[Short descriptive text snippets]
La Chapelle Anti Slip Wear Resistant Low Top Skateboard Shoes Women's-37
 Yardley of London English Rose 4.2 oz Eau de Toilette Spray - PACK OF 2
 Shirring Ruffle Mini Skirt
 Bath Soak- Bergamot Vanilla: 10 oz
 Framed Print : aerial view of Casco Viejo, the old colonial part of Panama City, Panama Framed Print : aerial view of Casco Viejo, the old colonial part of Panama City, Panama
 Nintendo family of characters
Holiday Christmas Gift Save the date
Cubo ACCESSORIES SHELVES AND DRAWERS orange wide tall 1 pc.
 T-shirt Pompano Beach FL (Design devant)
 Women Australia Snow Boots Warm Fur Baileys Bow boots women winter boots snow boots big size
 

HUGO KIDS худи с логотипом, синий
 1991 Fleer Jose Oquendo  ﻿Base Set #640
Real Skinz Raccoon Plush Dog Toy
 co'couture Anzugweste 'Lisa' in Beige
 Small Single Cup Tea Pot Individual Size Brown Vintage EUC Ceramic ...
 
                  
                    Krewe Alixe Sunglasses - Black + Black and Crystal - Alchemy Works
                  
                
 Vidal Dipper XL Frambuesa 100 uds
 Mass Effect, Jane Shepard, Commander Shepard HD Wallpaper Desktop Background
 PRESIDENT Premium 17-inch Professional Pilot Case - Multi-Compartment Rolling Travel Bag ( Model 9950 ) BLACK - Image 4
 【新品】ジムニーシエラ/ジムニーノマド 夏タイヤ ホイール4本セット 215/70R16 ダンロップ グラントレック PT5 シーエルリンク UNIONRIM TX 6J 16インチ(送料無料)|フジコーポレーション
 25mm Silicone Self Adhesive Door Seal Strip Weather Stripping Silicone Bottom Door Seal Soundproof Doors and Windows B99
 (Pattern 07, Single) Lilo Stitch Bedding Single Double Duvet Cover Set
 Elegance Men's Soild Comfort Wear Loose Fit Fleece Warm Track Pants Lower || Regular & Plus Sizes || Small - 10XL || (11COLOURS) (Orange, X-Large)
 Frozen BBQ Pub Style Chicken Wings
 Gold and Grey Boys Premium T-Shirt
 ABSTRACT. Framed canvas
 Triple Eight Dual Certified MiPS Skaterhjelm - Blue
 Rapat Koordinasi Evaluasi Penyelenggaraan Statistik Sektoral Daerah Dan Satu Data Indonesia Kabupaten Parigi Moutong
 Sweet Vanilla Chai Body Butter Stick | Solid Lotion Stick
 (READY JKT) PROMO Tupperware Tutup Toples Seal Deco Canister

TASK PROMPT: Give every entry again, exactly as it reads.

SOLUTION TO THIS TASK:
La Chapelle Anti Slip Wear Resistant Low Top Skateboard Shoes Women's-37
 Yardley of London English Rose 4.2 oz Eau de Toilette Spray - PACK OF 2
 Shirring Ruffle Mini Skirt
 Bath Soak- Bergamot Vanilla: 10 oz
 Framed Print : aerial view of Casco Viejo, the old colonial part of Panama City, Panama Framed Print : aerial view of Casco Viejo, the old colonial part of Panama City, Panama
 Nintendo family of characters
Holiday Christmas Gift Save the date
Cubo ACCESSORIES SHELVES AND DRAWERS orange wide tall 1 pc.
 T-shirt Pompano Beach FL (Design devant)
 Women Australia Snow Boots Warm Fur Baileys Bow boots women winter boots snow boots big size
 

HUGO KIDS худи с логотипом, синий
 1991 Fleer Jose Oquendo  ﻿Base Set #640
Real Skinz Raccoon Plush Dog Toy
 co'couture Anzugweste 'Lisa' in Beige
 Small Single Cup Tea Pot Individual Size Brown Vintage EUC Ceramic ...
 
                  
                    Krewe Alixe Sunglasses - Black + Black and Crystal - Alchemy Works
                  
                
 Vidal Dipper XL Frambuesa 100 uds
 Mass Effect, Jane Shepard, Commander Shepard HD Wallpaper Desktop Background
 PRESIDENT Premium 17-inch Professional Pilot Case - Multi-Compartment Rolling Travel Bag ( Model 9950 ) BLACK - Image 4
 【新品】ジムニーシエラ/ジムニーノマド 夏タイヤ ホイール4本セット 215/70R16 ダンロップ グラントレック PT5 シーエルリンク UNIONRIM TX 6J 16インチ(送料無料)|フジコーポレーション
 25mm Silicone Self Adhesive Door Seal Strip Weather Stripping Silicone Bottom Door Seal Soundproof Doors and Windows B99
 (Pattern 07, Single) Lilo Stitch Bedding Single Double Duvet Cover Set
 Elegance Men's Soild Comfort Wear Loose Fit Fleece Warm Track Pants Lower || Regular & Plus Sizes || Small - 10XL || (11COLOURS) (Orange, X-Large)
 Frozen BBQ Pub Style Chicken Wings
 Gold and Grey Boys Premium T-Shirt
 ABSTRACT. Framed canvas
 Triple Eight Dual Certified MiPS Skaterhjelm - Blue
 Rapat Koordinasi Evaluasi Penyelenggaraan Statistik Sektoral Daerah Dan Satu Data Indonesia Kabupaten Parigi Moutong
 Sweet Vanilla Chai Body Butter Stick | Solid Lotion Stick
 (READY JKT) PROMO Tupperware Tutup Toples Seal Deco Canister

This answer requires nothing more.